2. Description of the Related Art FIG. 12 shows an outline of a general shield excavator, FIG. 13 shows an outline of an automatic segment assembling apparatus, and FIG. 14 shows an outline of an assembled state of segments.

As shown in FIG. 12, in a shield excavator, an excavator main body 101 has a cylindrical shape, and a cutter head 102 is rotatably mounted on a front portion of the excavator main body 101. A number of cutter bits 103 for excavating the ground in front are fixed to the front surface 102, and can be driven and rotated by a cutter driving motor (not shown). The excavator body 101 has a plurality of shield jacks 104 arranged in parallel along a plurality of circumferential directions.
04 extends rearward in the excavation direction of the tunnel excavator, and can move forward by a pressing reaction force against the segment S assembled on the inner peripheral surface of the tunnel.

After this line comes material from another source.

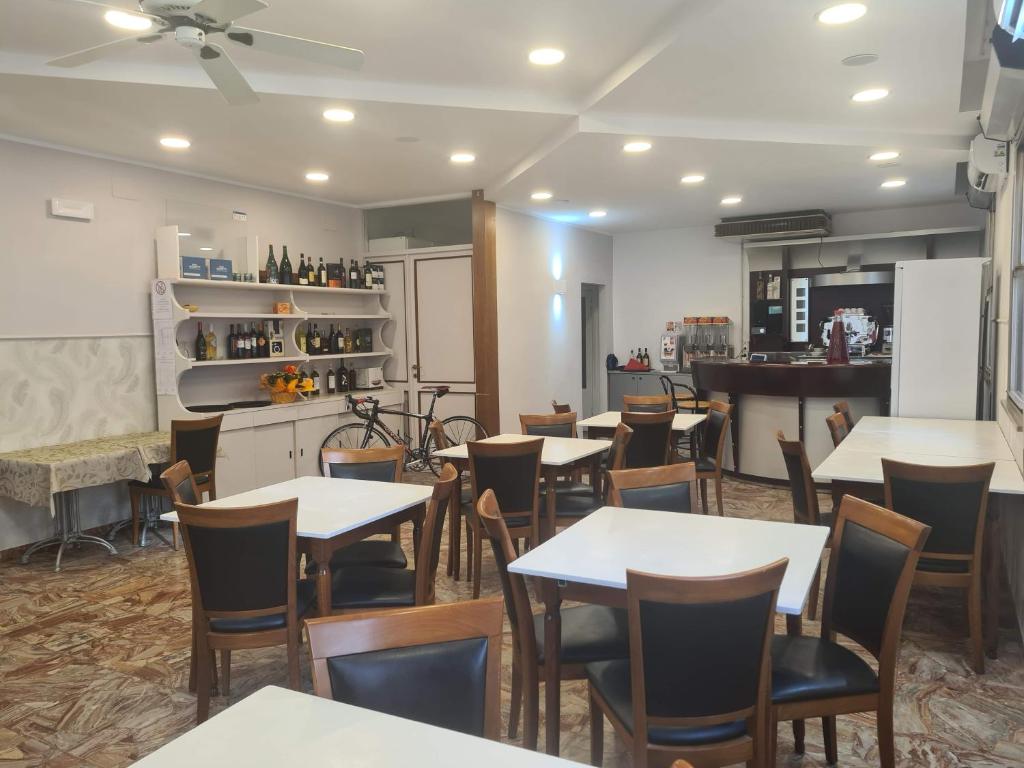 Booking.com: Hotels in Rimini. Book your hotel now! photo 3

[0004] Behind the excavator body 101, an automatic segment assembling device 105, a segment transport device 106, and a perfect circle holding device 107 are provided, and a transport vehicle 108 is connected thereto. This segment automatic assembly device 105
As shown in FIG. 13, a first slide frame 111 is provided on a vertically movable frame 110 which is vertically movable with respect to a support frame 109 connected to a rear portion of the excavator main body 101, and a second slide is provided. A frame 112 is provided to be movable left and right.
2, a segment holding member 113 is provided so as to swing back and forth and left and right.

Accordingly, when a large number of segments S are carried into the existing tunnel, the segments S are transported forward by the segment transporting device 106, and the automatic segment assembling device 105 holds the segments S and holds them in a predetermined group. Then, this segment S is assembled on the inner wall surface of the existing tunnel. The perfect circle holding device 107 presses the inner peripheral surface of the segment S assembled in a ring shape and holds the same in a perfect circle, and connects the adjacent segments S in this state to form the tunnel structure T. . At this time, as shown in FIG. 14, the segments S are assembled in close contact with each other in the circumferential direction and the front-rear direction of the existing tunnel, and the adjacent segments S are connected to each other by bolts B and nuts N.

FIG. 15 shows an outline of a tunnel lining method by a direct-strike ECL method, and FIG. 16 shows an outline of a tunnel lining method by an ECL method using a reinforcing bar.

[0007] Fig. 15 shows a directly-extruded ECL (Extruded ECL) in which concrete is directly poured without using segments.
Concrete tailing method, a tail plate 201 having substantially the same shape as the excavator body is provided at the rear of the excavator body (not shown).
A concrete pressure ring 202 is provided along an inner peripheral surface of the concrete pressure ring 202, and a seal member 203 is attached to an outer peripheral surface and an inner peripheral surface of the concrete pressure ring 202. The concrete pressure ring 202 can be moved behind the existing tunnel by the pressure jack 204. A concrete casting nozzle 205 is provided at the rear of the concrete pressure ring 202, and concrete C supplied from a concrete supply device (not shown) is discharged from the concrete casting nozzle 205. On the other hand, an unillustrated erector device for assembling the movable form F is provided behind the excavator body, and the erector apparatus assembles the movable form F carried into the tunnel at a predetermined position.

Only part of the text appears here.